▶ [Provided data]:
┌──
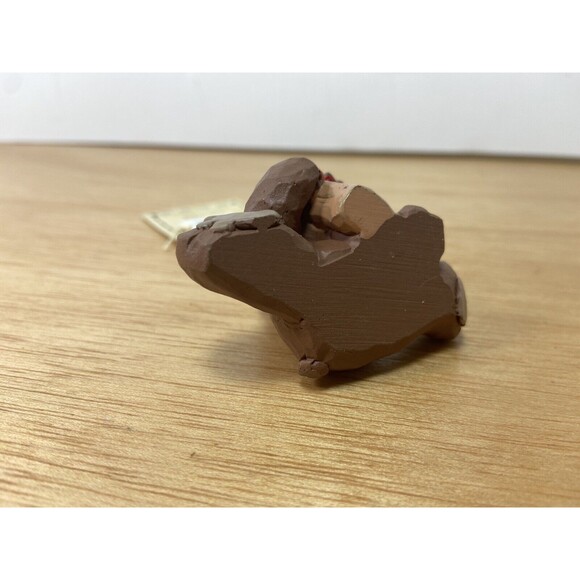 Blossom Bucket Christmas Bear With Birdhouse and Cardinal Resin Figurine 2 inch - Picture 7 of 8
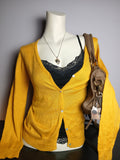 Yellow V-neck cardigan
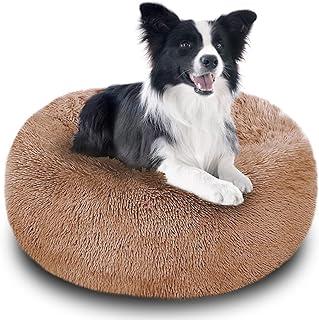 Calming Dog Bed, Anti Anxiety Round Fluffy dog and cat Sofa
└──
▶ [Exercise goal]: Through to the final line, copy the material above exactly and skip the images.

▶ [Response below]:
 Blossom Bucket Christmas Bear With Birdhouse and Cardinal Resin Figurine 2 inch - Picture 7 of 8
 Yellow V-neck cardigan
 Calming Dog Bed, Anti Anxiety Round Fluffy dog and cat Sofa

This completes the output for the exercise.